The business and media magnate turns 83 today.
He is worth US$13.5 billion
According to Forbes, Murdoch's fortune swelled by $2 billion in 2013, making him the 78th richest person on the planet.
He had the most expensive divorce ever
For 32 years of marriage to the News Corp CEO, Anna Torv reportedly received $1.7 billion as well as $110 million in cash, making their divorce the most expensive ever.
He has six children to three different women
Murdoch has been married three times. In 1956 he married Australian Patricia Booker and they had a daughter, Prudence, born in 1958. They divorced 11 years later in 1967. In that same year he married Scottish-born Anna Torv who was working at The Daily Telegraph.
Together they had three children: Elisabeth (1968), Lachlan (1971) and James (1972). They divorced in 1999 and 17 days later Murdoch (aged 66) married Chinese-born Wendi Deng (30) and they had two daughters: Grace (2001) and Chloe (2003). Murdoch filed for divorce from Wendi in June last year, reaching a divorce settlement in November.
He launched - and closed - the world's first iPad-only daily newspaper
Launched in February 2011 to much fanfare, Murdoch initially invested $30 million in building The Daily app which people could subscribe to for 99 cents a week. A bold experiment, it was losing money and fired 50 of its 170 employees in mid-2012. In December that year its publisher announced: "unfortunately we have not been able to build a big enough audience fast enough to make our business model work".

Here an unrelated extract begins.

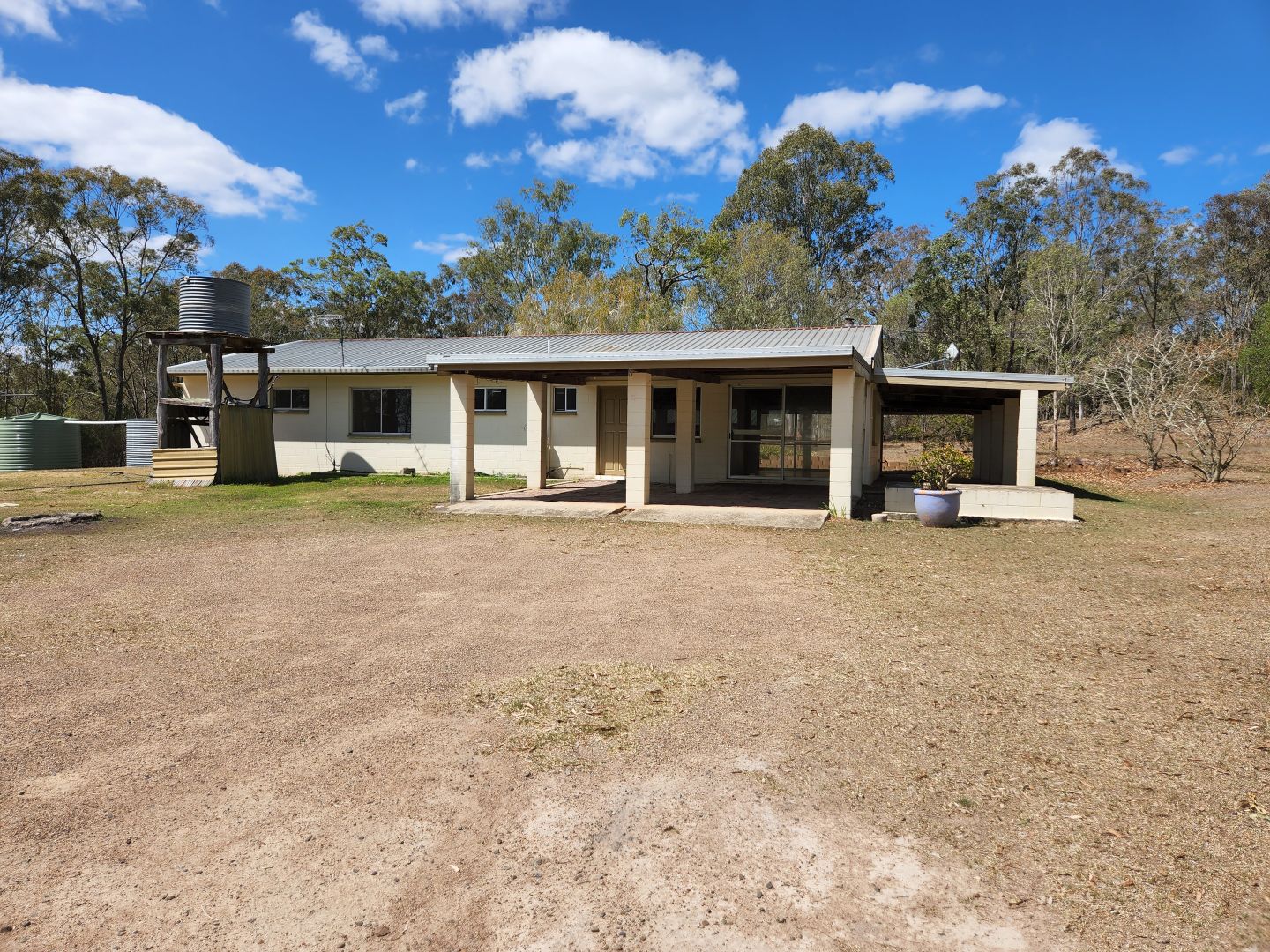 96 Langton road Blackbutt, Blackbutt QLD 4314, Image 1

His social media intuition isn't so good
He was a confident early adopter of social media, purchasing My Space in 2005 for $580 million when it was at the height of its success. MySpace amped up its video offerings in 2006, and Murdoch claimed that it would be bigger than rival YouTube in within 60 days.
Unfortunately for Murdoch, the site dwindled under as Facebook rose to power and News Corp sold it in 2011 for approximately $35 million - a significantly smaller figure than he purchased it for.
In 2009 he said that he would not be interested in buying Twitter, and warned of investing in it. He also said that "Facebook is like a directory. How they make money is another matter."
He doesn't own any New Zealand media
Murdoch's first foray into New Zealand media was when he bought controlling interest in The Dominion when he was 32.
He held a 43.6 per cent stake in Sky TV but sold this in March last year for $815 million.
He has been publicly pied in the face
While giving testimony before a British parliamentary committee in 2011 regarding the News of the World phone hacking scandal, comedian and activist Jonathan May-Bowles - known as Jonnie Marbles - lunged at Murdoch with a plate full of shaving cream. His then-wife Wendi, sprang from her seat with impressive agility to try and protect her husband.
Marbles tweeted shortly after the attack: "It is far better thing that I do now then I have ever done before #splat" and was later jailed for six weeks.
He was once reported dead - by his own newspaper
The day before Murdoch, his son James and former CEO Rebekah Brooks were to give testimony about the phone hacking scandal, digital vigilante groups Anonymous and LulzSec hacked the News Corp-owned The Sun website and posted an article on its home page claiming that Murdoch had died from a drug overdose.
He has twice appeared in The Simpsons as himself
Frequently the butt of many jokes, Murdoch agreed to star on the hit TV series, with producer Matt Groening describing him as 'gracious'.
In the first episode Murdoch's entrance line was: 'I'm Rupert Murdoch, the billionaire tyrant, and this is my skybox'.
He is to be inducted into the TV Hall of Fame
The Television Academy's Hall of Fame Selection Committee announced that Murdoch would be inducted into the 23rd Hall of Fame in December last year. He is being honoured for launching FOX Broadcasting Company and 'revolutionising' the television landscape with ground-breaking shows such as The Simpsons, The X-Files and American Idol among others.